Relatório desenvolvido após imersão da entidade no SXSW 2026 analisa impactos da inteligência artificial nas relações de trabalho e na gestão de pessoas
A adoção acelerada
de inteligência artificial está levando o RH ao centro das decisões
estratégicas das empresas. A conclusão é do relatório HR Futures
Intelligence, desenvolvido pela ABRH Brasil a partir da imersão da
entidade no SXSW 2026, maior evento de inovação e tecnologia do mundo.
A IA deixou de
ser apenas uma promessa tecnológica para se tornar uma força capaz de
redesenhar o trabalho, a liderança e a dinâmica das empresas. Segundo o
relatório, até 2030, as companhias poderão operar com uma composição formada
por 40% de profissionais em tempo integral, 40% em modelos flexíveis e 20% de
atuação automatizada por IA.
“Hoje, 95% das
organizações ainda não reportam retorno claro sobre iniciativas de IA
generativa. A nossa tese é que os 5% que conseguem gerar valor não tratam IA
como projeto exclusivo de tecnologia: têm o líder de RH correalizando a
implementação, integrando o melhor da inteligência humana com o melhor da
inteligência artificial. Esse fato vai potencializar o valor e a essencialidade
do RH para tornar as organizações ainda mais competitivas e sustentáveis,”

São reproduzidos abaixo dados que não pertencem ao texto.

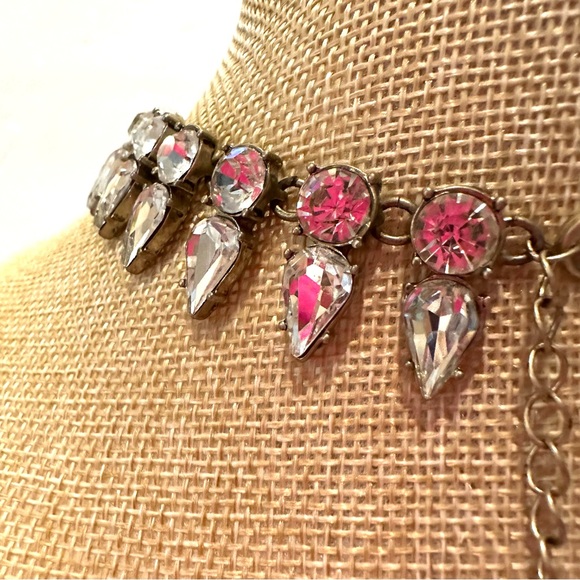 J. Crew Collar Statement Necklace gold w/ 2 rows of clear crystals end to end - Picture 10 of 12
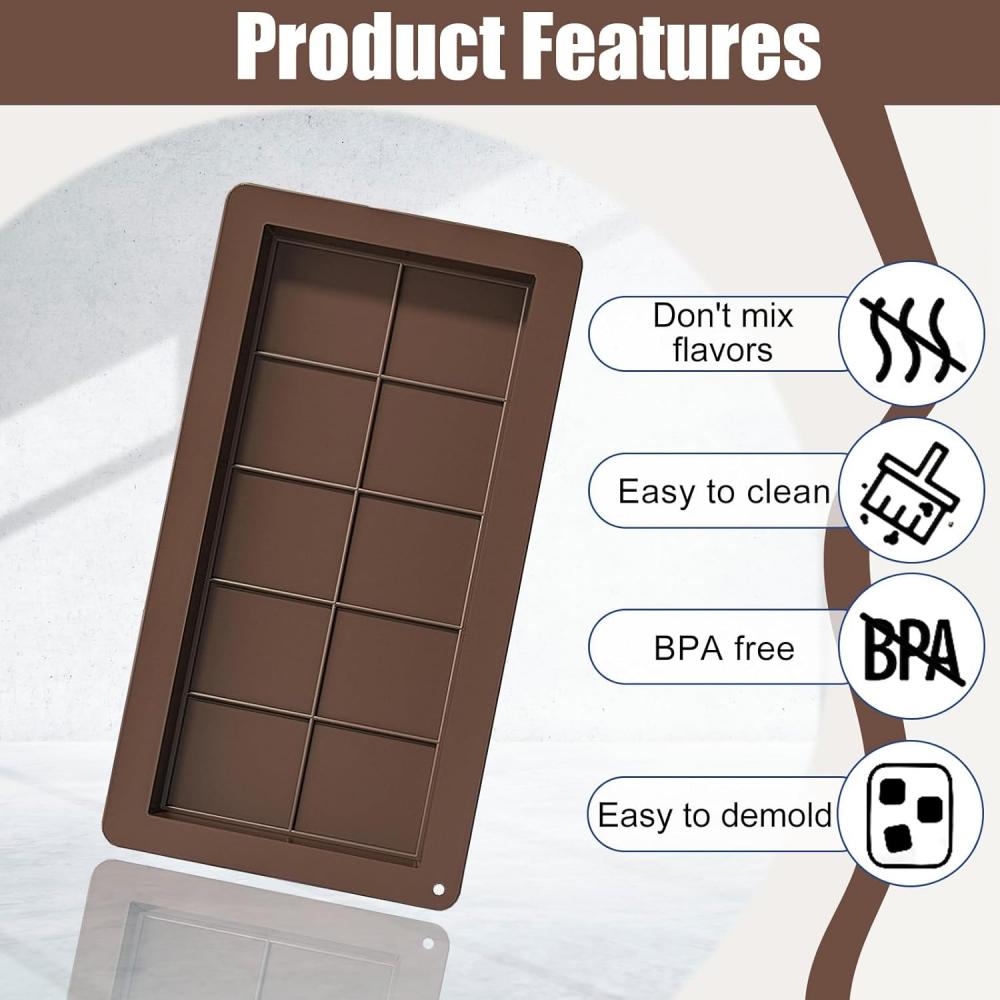 Silikonformen, Schokoladentablettformen, Spatel Antihaft-Silikon-Schokoladenformen, wiederverwendbare Formen, Haus Schokolade/Waffeln/Nüsse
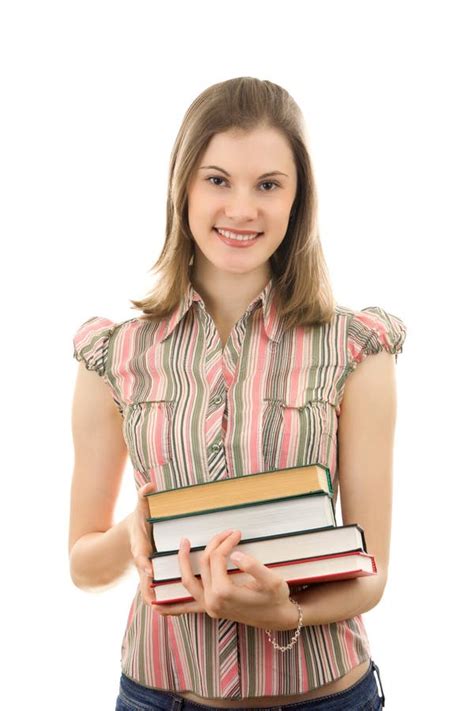 College Girl With Books Isoated On White Royalty Free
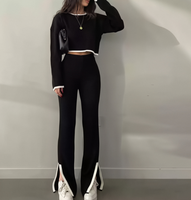Ensemble coordonné en maille 100 % cachemire pour femme : haut côtelé à bordure contrastante et pantalon évasé à ourlet fendu – Tenue décontractée en maille pour femme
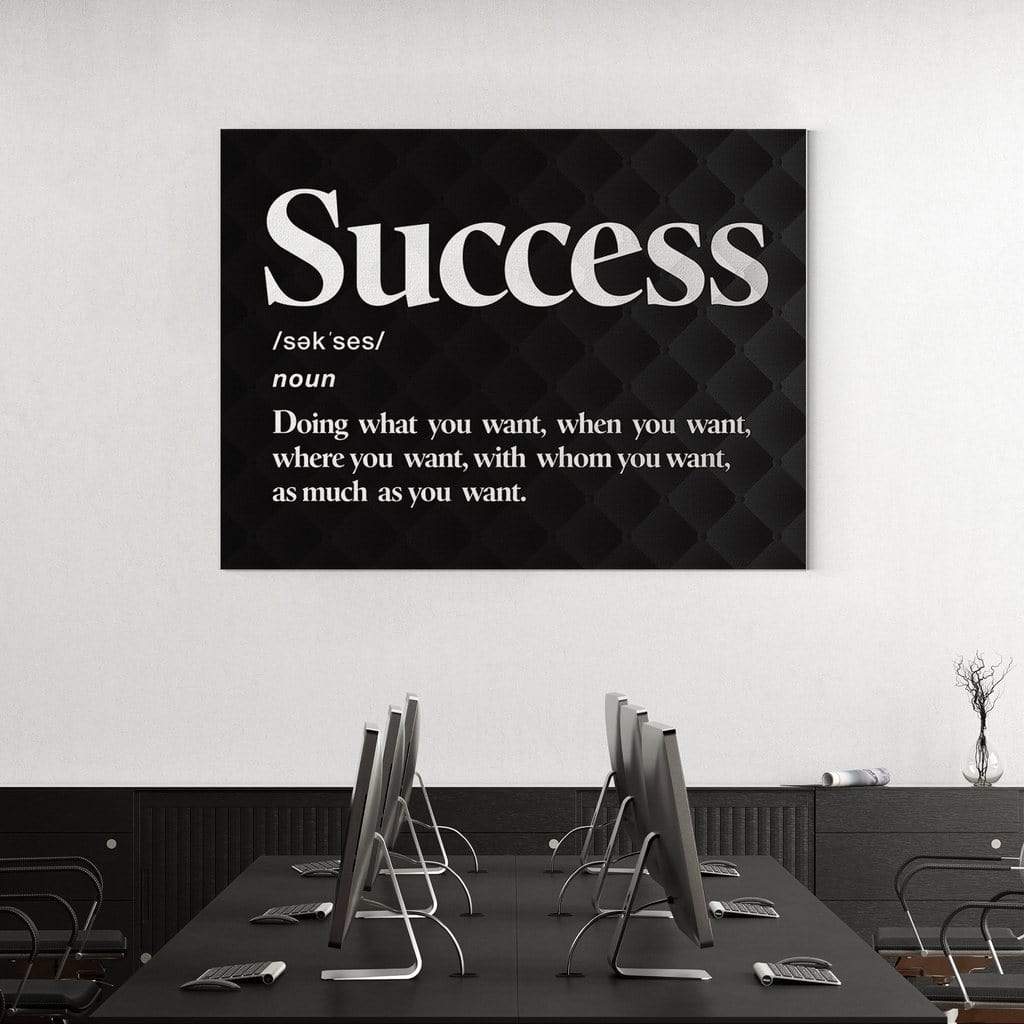 Success Doing What You Want Black Horizontal Canvas Prints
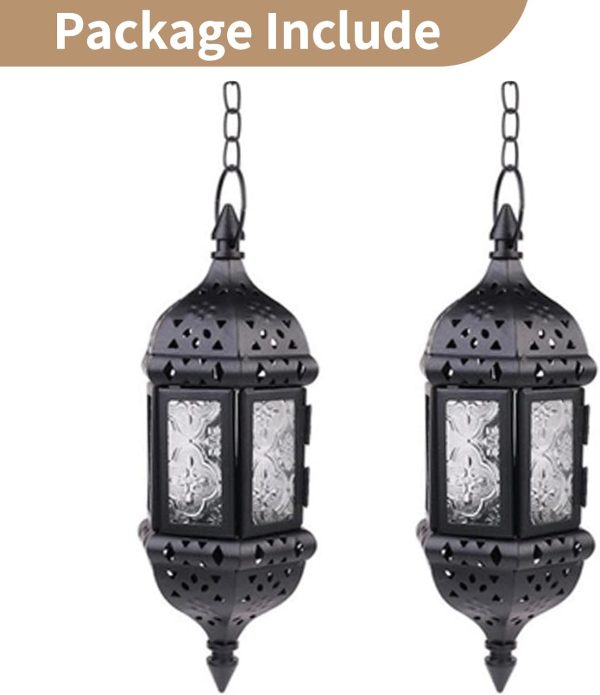 2 Pcs Hanging Hexagon Decorative Moroccan Candle Lantern Holders, Handmade Hanging Tea Light Holder in Bronze Metal & Red & Purple Glass Gift & Decor Items - Image 22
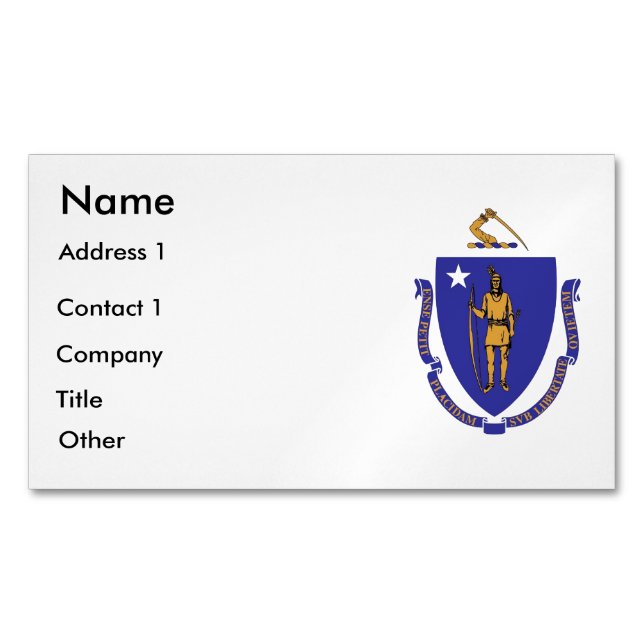 Visitenkarten-Magnet mit Flag von Massachusetts Magnetische Visitenkarte (Vorderseite)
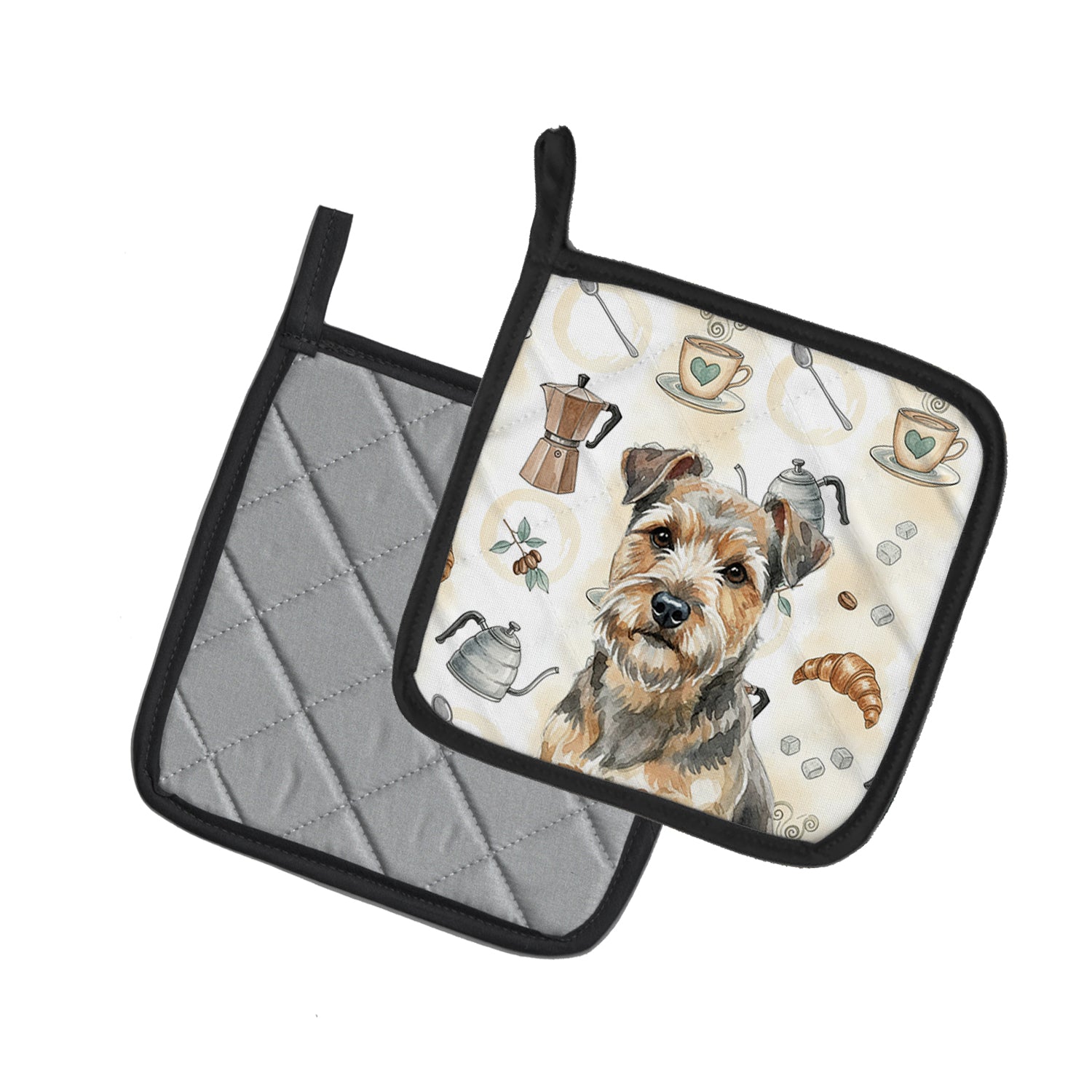 Caroline's Treasures Grizzle and Tan Norfolk Terrier Coffee Bar Pair of Pot Holders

afirma Vitor Igdal, Presidente da ABRH Bahia e Idealizador do HR Futures
Intelligence.
A partir dessa
transformação, o estudo identifica sete grandes “pressões do futuro” que já
impactam as organizações. Entre elas estão o redesenho acelerado das funções
profissionais, a perda de atenção qualificada, o aumento da necessidade de
vínculo entre equipes e a exigência de uma nova postura das lideranças. “O
desafio não é competir com a tecnologia, e sim construir organizações capazes
de usar inovação sem perder discernimento, confiança e humanidade”, afirma
Leyla Nascimento, presidente da ABRH Brasil.
Outro ponto
destacado é a preocupação com a perda de profundidade cognitiva. O estudo
menciona pesquisas apresentadas no SXSW indicando que desenvolvedores juniores
que utilizavam IA tiveram queda de 17% ou mais na compreensão das tarefas
executadas. Isso deve provocar uma revisão ampla de funções corporativas,
especialmente em áreas administrativas, atendimento, backoffice e operações
analíticas. “Quanto mais a tecnologia avança, mais estratégicas se tornam
capacidades como julgamento, criatividade, comunicação, liderança e senso de
contexto”, diz.
O relatório
também chama atenção para um movimento paradoxal: quanto maior a presença
digital, maior a necessidade de pertencimento e relações reais dentro das
empresas. Dados apresentados no estudo mostram que 49% da Geração Z afirmam já
ter desenvolvido algum tipo de relação significativa com IA, enquanto cresce
simultaneamente a busca por conexões humanas e senso de comunidade.
Nesse contexto,
habilidades consideradas “comportamentais” ganham valor estratégico. “O RH
deixa de atuar apenas como área de suporte e passa a participar da arquitetura
das transformações. Isso significa ajudar empresas a redesenhar trabalho, fortalecer
culturas saudáveis. O futuro do trabalho será cada vez mais tecnológico, mas
também mais humano”, diz a presidente da ABRH Brasil.